Each line of the data below from the one holding "Snapshot of Madonna_Fire" to the one holding "Tecno Spark 20 128 GB White", inclusive, is to be reproduced exactly; no other line belongs in the answer.
-*-*-
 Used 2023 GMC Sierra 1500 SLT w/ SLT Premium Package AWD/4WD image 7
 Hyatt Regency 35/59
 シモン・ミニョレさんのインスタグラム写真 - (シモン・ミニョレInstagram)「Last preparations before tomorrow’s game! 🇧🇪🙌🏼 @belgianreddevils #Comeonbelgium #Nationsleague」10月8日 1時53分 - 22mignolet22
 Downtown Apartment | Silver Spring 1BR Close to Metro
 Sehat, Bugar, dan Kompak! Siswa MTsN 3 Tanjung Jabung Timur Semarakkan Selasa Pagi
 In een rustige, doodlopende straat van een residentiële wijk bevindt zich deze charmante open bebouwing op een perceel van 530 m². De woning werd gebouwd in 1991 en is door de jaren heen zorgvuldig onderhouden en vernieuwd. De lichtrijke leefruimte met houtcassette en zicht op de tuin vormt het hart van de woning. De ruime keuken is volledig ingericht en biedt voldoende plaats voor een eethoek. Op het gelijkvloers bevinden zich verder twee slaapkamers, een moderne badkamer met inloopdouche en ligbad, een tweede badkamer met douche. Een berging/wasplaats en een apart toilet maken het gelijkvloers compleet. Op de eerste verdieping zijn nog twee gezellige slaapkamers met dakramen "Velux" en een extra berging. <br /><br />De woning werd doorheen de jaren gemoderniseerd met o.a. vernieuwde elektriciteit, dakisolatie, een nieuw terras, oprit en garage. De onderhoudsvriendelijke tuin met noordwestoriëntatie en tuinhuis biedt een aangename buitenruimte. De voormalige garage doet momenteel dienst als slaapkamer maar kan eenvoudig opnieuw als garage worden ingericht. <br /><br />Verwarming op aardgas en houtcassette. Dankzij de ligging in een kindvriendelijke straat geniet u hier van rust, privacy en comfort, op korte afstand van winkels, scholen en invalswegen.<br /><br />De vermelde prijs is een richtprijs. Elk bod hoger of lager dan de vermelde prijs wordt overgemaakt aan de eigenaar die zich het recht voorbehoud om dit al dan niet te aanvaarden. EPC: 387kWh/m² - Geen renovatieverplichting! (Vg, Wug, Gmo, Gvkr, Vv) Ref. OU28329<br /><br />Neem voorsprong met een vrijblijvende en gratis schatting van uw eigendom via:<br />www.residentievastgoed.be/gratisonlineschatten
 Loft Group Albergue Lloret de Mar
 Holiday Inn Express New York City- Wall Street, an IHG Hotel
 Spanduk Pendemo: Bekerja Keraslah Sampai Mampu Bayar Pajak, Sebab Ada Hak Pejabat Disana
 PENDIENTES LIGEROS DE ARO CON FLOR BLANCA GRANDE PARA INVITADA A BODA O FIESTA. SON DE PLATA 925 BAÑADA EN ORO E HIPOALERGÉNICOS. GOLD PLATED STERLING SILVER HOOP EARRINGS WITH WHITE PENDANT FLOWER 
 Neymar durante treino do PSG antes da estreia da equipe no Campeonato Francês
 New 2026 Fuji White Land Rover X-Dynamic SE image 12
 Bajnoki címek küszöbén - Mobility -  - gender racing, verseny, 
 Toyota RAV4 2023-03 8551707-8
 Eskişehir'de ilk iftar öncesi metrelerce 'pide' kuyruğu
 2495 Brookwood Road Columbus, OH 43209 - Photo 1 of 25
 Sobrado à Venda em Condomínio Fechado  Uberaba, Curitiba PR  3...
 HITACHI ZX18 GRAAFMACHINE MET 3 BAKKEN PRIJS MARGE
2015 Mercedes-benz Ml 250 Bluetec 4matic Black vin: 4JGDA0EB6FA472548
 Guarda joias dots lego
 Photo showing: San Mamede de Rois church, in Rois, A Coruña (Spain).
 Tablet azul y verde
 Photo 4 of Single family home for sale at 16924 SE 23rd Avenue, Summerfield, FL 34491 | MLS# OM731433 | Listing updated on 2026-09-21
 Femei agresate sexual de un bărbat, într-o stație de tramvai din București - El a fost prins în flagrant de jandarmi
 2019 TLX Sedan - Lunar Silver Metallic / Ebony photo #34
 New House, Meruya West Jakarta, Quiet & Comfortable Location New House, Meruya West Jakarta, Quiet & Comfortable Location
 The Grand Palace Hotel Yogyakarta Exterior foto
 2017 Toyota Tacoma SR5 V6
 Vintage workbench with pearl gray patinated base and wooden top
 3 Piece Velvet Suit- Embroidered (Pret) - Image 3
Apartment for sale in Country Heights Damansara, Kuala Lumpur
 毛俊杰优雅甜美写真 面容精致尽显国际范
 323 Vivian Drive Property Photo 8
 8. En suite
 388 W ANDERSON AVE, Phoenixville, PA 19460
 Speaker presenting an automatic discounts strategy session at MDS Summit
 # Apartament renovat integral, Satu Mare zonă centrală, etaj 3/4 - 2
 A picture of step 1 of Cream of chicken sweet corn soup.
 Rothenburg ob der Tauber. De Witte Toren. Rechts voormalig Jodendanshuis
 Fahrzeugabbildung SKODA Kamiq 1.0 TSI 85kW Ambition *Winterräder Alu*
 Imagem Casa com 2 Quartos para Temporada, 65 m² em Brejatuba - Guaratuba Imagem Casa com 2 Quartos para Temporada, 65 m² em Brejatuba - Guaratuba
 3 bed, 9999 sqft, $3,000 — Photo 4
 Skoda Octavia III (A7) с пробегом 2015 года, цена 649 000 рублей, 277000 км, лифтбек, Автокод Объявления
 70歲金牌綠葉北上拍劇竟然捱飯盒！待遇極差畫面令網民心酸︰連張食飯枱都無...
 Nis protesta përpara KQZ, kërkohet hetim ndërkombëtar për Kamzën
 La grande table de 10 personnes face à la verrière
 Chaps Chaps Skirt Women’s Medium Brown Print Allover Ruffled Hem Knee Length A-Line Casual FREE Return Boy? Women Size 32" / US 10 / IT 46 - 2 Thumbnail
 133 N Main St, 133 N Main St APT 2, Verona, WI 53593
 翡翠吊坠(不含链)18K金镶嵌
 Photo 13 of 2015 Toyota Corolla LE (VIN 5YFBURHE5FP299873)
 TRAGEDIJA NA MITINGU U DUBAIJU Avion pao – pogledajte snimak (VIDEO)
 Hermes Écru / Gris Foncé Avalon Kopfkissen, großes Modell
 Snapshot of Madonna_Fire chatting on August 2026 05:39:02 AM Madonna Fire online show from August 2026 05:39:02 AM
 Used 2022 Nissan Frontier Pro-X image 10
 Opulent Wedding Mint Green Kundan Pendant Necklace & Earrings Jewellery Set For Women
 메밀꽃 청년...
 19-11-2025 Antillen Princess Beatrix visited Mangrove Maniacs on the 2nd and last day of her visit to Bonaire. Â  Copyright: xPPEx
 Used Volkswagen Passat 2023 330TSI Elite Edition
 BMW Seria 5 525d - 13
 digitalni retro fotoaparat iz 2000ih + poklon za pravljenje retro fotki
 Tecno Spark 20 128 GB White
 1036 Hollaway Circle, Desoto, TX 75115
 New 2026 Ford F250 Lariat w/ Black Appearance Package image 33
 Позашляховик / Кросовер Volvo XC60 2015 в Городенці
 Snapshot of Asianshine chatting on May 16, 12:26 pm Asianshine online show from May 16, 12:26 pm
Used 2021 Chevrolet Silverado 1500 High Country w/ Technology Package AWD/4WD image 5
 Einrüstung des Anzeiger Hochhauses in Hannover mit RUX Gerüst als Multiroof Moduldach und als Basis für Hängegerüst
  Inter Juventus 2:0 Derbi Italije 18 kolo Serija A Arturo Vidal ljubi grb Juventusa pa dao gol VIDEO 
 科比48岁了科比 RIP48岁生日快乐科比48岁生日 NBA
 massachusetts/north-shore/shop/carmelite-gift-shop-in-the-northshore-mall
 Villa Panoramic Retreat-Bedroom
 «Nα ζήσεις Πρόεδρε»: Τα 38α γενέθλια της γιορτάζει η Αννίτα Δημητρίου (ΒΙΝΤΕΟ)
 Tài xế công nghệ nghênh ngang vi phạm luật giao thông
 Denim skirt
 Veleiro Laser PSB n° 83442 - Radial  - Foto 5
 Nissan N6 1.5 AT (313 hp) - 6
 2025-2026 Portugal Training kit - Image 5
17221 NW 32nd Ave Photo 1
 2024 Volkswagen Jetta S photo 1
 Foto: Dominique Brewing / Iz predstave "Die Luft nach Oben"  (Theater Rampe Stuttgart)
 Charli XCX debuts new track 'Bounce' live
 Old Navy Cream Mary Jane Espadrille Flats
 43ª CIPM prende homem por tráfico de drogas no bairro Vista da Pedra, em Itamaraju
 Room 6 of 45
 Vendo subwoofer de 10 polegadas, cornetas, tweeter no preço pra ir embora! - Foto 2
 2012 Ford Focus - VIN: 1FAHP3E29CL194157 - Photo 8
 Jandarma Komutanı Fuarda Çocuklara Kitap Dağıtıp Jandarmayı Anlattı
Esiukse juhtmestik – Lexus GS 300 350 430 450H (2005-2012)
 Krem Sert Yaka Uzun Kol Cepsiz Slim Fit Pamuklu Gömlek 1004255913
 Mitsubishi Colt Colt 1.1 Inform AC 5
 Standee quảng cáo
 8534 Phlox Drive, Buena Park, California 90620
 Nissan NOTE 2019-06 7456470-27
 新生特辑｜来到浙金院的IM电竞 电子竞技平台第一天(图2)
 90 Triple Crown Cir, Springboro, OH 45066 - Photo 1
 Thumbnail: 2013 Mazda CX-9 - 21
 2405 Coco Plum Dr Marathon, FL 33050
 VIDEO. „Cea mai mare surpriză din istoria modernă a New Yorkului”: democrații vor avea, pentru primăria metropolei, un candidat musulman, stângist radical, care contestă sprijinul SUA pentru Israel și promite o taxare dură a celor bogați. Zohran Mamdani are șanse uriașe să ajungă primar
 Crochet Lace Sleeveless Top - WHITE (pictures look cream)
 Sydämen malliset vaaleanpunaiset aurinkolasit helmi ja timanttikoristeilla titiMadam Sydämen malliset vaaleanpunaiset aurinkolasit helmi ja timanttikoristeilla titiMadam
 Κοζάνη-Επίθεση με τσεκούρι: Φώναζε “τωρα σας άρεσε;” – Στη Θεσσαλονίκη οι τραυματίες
-*-*-
Exercise answer:
 Snapshot of Madonna_Fire chatting on August 2026 05:39:02 AM Madonna Fire online show from August 2026 05:39:02 AM
 Used 2022 Nissan Frontier Pro-X image 10
 Opulent Wedding Mint Green Kundan Pendant Necklace & Earrings Jewellery Set For Women
 메밀꽃 청년...
 19-11-2025 Antillen Princess Beatrix visited Mangrove Maniacs on the 2nd and last day of her visit to Bonaire. Â  Copyright: xPPEx
 Used Volkswagen Passat 2023 330TSI Elite Edition
 BMW Seria 5 525d - 13
 digitalni retro fotoaparat iz 2000ih + poklon za pravljenje retro fotki
 Tecno Spark 20 128 GB White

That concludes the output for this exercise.